Fritsch: Nach dem Karriereende hatte ich sieben Monate Zeit, bevor die Ausbildung begann. Ich wusste nicht so recht, was ich mit mir anfangen sollte. Es war für mich nicht denkbar, dass ich vom einen auf den anderen Tag dieses Trainingsgelände nicht mehr betreten werde. Da ich eh immer trainiert habe, bin ich einfach weiter nach Brackel gegangen, ohne dort dann aber die Beine zu beanspruchen. Ein Jahr später hatte ich 25 Kilo mehr. Das ist für mich ein schönes Hobby, aber ich betreibe es weit nicht mehr so intensiv wie damals.

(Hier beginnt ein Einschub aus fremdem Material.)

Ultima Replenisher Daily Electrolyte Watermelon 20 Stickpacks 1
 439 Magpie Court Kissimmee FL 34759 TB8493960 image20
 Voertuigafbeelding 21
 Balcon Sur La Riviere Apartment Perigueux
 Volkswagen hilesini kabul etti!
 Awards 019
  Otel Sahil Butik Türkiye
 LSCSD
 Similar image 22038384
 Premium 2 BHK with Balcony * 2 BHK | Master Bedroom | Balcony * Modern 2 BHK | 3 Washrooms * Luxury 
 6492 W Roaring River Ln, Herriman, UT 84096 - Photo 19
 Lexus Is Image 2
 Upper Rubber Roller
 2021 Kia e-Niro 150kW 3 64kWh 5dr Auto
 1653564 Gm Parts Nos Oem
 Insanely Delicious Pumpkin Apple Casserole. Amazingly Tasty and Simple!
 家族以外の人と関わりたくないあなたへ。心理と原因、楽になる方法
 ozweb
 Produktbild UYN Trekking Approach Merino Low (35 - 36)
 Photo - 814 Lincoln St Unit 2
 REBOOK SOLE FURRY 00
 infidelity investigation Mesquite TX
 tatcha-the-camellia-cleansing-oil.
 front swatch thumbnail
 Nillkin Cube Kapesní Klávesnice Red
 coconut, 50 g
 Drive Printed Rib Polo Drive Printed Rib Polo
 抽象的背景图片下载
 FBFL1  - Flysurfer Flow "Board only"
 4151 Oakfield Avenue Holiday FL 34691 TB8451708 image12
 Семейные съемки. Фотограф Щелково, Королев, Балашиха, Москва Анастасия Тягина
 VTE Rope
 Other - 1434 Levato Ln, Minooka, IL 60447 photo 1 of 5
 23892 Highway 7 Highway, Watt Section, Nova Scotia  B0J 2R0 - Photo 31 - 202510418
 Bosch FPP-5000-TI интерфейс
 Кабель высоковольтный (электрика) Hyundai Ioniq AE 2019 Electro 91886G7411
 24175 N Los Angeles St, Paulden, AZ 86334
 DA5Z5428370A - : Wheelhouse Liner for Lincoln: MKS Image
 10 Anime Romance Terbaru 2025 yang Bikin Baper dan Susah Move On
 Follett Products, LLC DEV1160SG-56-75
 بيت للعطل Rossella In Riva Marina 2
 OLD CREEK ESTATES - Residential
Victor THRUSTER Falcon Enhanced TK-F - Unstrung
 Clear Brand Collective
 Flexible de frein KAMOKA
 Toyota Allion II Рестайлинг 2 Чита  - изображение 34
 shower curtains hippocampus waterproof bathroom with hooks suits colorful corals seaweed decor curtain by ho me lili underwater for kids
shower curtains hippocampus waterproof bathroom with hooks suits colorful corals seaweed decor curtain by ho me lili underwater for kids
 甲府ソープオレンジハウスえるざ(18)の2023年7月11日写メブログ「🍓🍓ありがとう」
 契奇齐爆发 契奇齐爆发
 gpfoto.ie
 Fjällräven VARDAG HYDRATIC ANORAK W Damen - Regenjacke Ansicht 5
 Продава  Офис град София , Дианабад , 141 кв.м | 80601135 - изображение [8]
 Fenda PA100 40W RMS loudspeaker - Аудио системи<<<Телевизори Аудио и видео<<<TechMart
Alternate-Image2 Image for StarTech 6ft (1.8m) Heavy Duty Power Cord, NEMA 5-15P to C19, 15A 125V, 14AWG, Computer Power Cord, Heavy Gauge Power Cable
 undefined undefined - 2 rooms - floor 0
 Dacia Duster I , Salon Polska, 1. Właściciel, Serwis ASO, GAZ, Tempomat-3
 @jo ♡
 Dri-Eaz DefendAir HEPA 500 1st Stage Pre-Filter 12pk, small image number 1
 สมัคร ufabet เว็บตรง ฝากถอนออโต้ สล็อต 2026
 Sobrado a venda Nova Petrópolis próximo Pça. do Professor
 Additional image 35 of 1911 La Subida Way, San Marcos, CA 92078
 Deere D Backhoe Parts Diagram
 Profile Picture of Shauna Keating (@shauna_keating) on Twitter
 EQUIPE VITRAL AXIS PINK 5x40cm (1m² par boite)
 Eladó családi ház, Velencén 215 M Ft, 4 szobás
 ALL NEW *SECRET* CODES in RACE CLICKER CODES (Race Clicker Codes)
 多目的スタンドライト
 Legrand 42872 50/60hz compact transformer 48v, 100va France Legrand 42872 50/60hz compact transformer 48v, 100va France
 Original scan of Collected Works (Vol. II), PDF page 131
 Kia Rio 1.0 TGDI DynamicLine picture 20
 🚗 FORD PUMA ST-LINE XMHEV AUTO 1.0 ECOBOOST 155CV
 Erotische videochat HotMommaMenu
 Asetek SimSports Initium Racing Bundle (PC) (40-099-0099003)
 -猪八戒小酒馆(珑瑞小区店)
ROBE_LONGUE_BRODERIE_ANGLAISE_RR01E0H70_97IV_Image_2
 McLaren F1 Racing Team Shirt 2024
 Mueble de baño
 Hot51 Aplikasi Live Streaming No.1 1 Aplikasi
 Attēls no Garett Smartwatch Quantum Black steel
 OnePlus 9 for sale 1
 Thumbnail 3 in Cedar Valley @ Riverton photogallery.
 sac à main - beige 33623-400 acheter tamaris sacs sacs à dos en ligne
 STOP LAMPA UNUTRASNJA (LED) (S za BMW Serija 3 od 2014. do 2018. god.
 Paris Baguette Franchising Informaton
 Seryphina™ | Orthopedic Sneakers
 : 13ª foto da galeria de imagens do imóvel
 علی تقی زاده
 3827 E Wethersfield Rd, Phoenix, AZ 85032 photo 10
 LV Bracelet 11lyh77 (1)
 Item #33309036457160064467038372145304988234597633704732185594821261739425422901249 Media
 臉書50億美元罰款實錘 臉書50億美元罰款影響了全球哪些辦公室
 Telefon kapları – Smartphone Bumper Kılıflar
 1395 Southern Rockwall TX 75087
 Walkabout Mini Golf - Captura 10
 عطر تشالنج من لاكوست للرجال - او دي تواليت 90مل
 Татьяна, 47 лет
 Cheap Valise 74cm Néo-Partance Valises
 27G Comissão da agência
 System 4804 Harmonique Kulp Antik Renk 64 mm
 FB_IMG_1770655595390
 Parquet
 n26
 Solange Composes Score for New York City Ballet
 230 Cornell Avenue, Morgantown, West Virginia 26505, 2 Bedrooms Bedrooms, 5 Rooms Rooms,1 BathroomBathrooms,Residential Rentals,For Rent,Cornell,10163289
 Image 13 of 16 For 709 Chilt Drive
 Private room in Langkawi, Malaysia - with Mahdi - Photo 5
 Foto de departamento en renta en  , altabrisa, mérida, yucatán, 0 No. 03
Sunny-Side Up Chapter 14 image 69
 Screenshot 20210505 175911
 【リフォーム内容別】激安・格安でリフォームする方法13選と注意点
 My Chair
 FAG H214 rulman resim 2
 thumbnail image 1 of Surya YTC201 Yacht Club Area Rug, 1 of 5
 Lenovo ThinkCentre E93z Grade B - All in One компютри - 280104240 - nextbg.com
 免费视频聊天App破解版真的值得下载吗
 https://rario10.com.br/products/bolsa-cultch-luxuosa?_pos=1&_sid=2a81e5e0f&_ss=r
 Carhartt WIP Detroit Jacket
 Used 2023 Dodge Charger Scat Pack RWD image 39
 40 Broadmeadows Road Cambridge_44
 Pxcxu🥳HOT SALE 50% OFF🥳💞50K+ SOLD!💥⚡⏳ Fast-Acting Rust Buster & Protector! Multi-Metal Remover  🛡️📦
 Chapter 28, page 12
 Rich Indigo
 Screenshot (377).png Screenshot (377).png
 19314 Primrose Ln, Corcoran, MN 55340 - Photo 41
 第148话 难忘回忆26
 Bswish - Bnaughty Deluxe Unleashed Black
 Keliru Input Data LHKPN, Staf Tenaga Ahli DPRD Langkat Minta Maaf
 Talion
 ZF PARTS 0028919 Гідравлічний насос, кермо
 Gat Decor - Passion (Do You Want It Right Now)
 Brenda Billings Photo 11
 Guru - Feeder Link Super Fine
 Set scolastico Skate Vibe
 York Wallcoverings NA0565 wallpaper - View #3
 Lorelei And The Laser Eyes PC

Fritsch: "Tuchel sagte nur: Mach's einfach so wie Dani Alves"
Lassen Sie uns zurückblicken: 2011 wechselten Sie vom FC Schalke in die Jugendabteilung der Borussia, spielten dort ab der Saison 2015/16 mit nur 16 Jahren bereits in der U19 und trainierten unter Thomas Tuchel immer wieder bei den Profis mit. Kurz darauf hätten Sie Geschichte schreiben können, als Sie Tuchel im Oktober 2015 in den Profikader für das Europa-League-Spiel bei PAOK Saloniki berief. Hätte er Sie dort eingesetzt, wären Sie der jüngste deutsche EL-Spieler aller Zeit geworden. Wie denken Sie daran zurück?
Fritsch: Das ging alles so richtig los mit meinem ersten Testspiel für die Profis gegen St. Pauli. Thomas Tuchel hat mir kurz vor der Abfahrt auf einmal gesagt, dass ich von Beginn an und als Rechtsverteidiger spielen werde. Er meinte nur: Mach's einfach so wie Dani Alves. Da ich zuvor noch nie auf dieser Position gespielt habe, verbrachte ich die ganze Busfahrt damit, mir Videos dazu anzuschauen. Anschließend waren alle inklusive mir zufrieden mit meiner Leistung, wenn auch zu Alves noch ein wenig gefehlt hat. (lacht)
Wie haben Sie dann wenig später davon erfahren, dass Sie in den EL-Kader rutschen würden?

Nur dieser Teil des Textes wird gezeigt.